Recognizing the naval mine’s strategic value, the Navy established a dedicated mine warfare force after the fall of Wuhan. In early 1939, the Middle Yangtze River Mine-laying Squadron was formed, consisting of seven detachments responsible for mine deployment along key river sections. By 1941, after repeated successes, this force had expanded into four full brigades stationed across Hunan, Jiangxi, Hubei, and Chongqing, each with its own battalions and detachments. Naval mine warfare units were also created in coastal provinces such as Fujian, Zhejiang, Guangdong, and Guangxi.

For the remainder of the war, these units waged an invisible but relentless battle beneath China’s rivers. As Japan’s defeat drew near, the mine-laying squadrons transformed into minesweeping units, clearing the very waterways they had once sealed. By the time of Japan’s surrender in 1945, most of the Yangtze and its tributaries were navigable again.
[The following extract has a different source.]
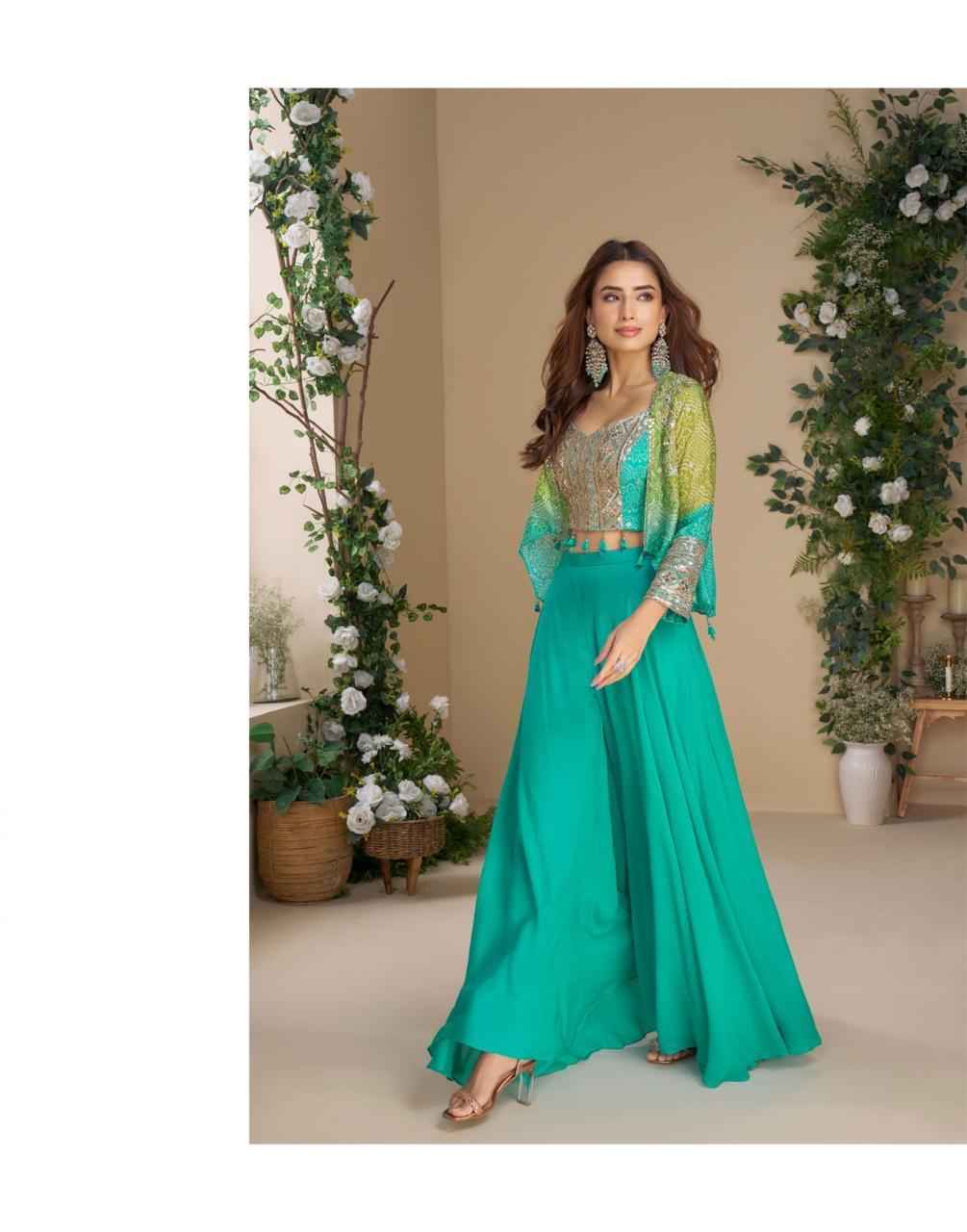 Sayuri Designer Moon Readymade Chinnon Silk Dress 5 pcs Catalogue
Naval mine warfare, inexpensive yet lethal, achieved astonishing results. On average, ten Chinese naval mines—costing perhaps 100,000 yuan—could destroy or disable an enemy ship worth more than a million. In 1937, Chinese naval mines sank or damaged two Japanese vessels; in 1938, 14 ships totaling over 20,000 tons; in 1939, 29 ships; in 1940, a staggering 109 ships displacing 118,000 tons; and in 1941, eight more ships weighing 18,400 tons. Later data are incomplete, but the total surely exceeded 10,000 tons in the following years. For a navy that no longer had ships, this was a triumph of intellect and ingenuity over brute force.

Naval minefields along the Yangtze and its tributaries not only destroyed enemy shipping but reshaped the strategic map. Between Chenglingji and Jiangyin, three great minefields laid in 1940 sank 81 Japanese vessels and killed over 2,000 enemy soldiers. The Japanese navy was forced to restrict movement, ban night sailing, and disperse its fleet to avoid concentrated losses. During the Changsha campaigns of 1939 and 1941, naval mines in the Xiangjiang and Yuanjiang rivers cut Japanese supply lines, strangling their logistics and contributing to their eventual retreat. In the 1943 Battle of Changde, 600 naval mines laid near Jinshi and Niubi Beach blocked Japanese river support, saving Chongqing—the temporary capital—from imminent peril.

The Japanese navy grew to dread the naval mine, for it symbolized sudden death and invisible peril—a weapon so feared that captured officers admitted their ships could be destroyed in an instant, giving the crew no time to even think of their families. Its unseen menace shattered morale and instilled deep fear throughout the enemy ranks.

One incident in 1943 vividly demonstrated the power and justice of this hidden weapon. Sa Fuchou, former Vice Minister of the Navy under the Wang Jingwei puppet regime, was patrolling a river aboard the warship Xieli when it struck a naval mine and sank. Sa escaped by swimming ashore—only to be captured by Chinese forces, taken to Chongqing, and publicly executed later that year. The news electrified the nation, symbolizing poetic retribution and lifting the spirits of soldiers and civilians alike.

Naval mine warfare was not only a struggle of technology but also of human endurance. Laying naval mines was perilous work—often carried out in darkness, in rough waters, under enemy fire. When boats were unavailable, men pushed mines into place with their own hands, swimming through freezing currents. Many never returned. Yet their sacrifice ensured that China’s rivers remained contested, that Japanese fleets could never sail unchallenged into the heartland.

The naval mine warfare campaign of the Chinese Navy stands as one of the most remarkable chapters in the War of Resistance Against Japanese Aggression. With almost no ships left to fight, China’s sailors turned to ingenuity, courage, and the power of the unseen to cripple a vastly superior enemy. Beneath the muddy waters of the Yangtze, they forged a new kind of naval warfare—one that embodied the indomitable spirit of a nation that refused to surrender.